To double-check the accuracy of the results, copy and paste the value into the appropriate location and recalculate. The ROI should now equal your goal ROI (plus or minus a minimal rounding amount).
And now for an essential word about ROI/ROR financial calculators.
Because two different calculators may use different equations, don't compare the results from one ROI calculator for one investment with results from another calculator for a different investment. Always use the same calculator to compare two different investments.
What is ROI?
ROI or return-on-investment is the annualized percentage gained or lost on an investment (ROR, or rate-of-return is the same calculation).
Enter the "Amount Invested" and the date the investment was made ("Start Date"). Enter the total "Amount Returned" and the end date.
You can change the dates by changing the number of days. Enter a negative number of days to adjust the "Start Date". Or as you change a date the "Number of Days" will update.
The results include the percentage gained or loss on the investment as well as the annualized gain or loss also expressed as a percent. The annualized return can be used to compare one investment with another investment.
Example: If you bought $25,000 worth of your favorite stock on January 2nd 2024 and sold it for $33,000 on June 7th 2025, you would gain $8,000 which is 32%. The annualized gain is 21.4%.

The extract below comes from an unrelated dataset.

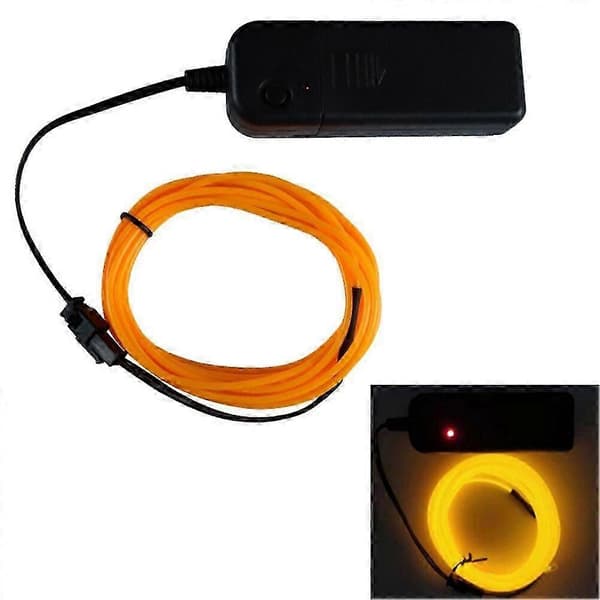 1m Glødende EL-trådskabel til julebalfest DIY-kostumer lys AA-batteri USB-kontrollampe 2,3 mm white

Now, let's say you made a second investment on January 2nd, 2024. This time, it was for $10,000, and you sold it for $11,000 on March 1st, 2024 (a leap year). The gain is only $1,000 or 10%. However, the annualized gain is 82.3%. Ignoring risk (which can be very dangerous), one would generally consider the latter investment to be better than the former.
Stergios Mimidakis says:
Hello,
My calculations gave me a net profit of 400,000$ over 25 years on an initial investment of 150,000$. My total rate of return is 266% which, according to your calculator, comes out to an annualized rate of return of a little over 5%. But why is my annualized ROR not 10%, considering that 266% over a 25 year period comes out to that percentage (266% divided by 25 years)?
Karl says:
Hi, this is an excellent question.
The short answer is because dividing the gross percentage return by the number of years invested is not the formula for calculating an annualized ROI. Dividing the gross percentage return by the number of years does not allow for the effect of compounding.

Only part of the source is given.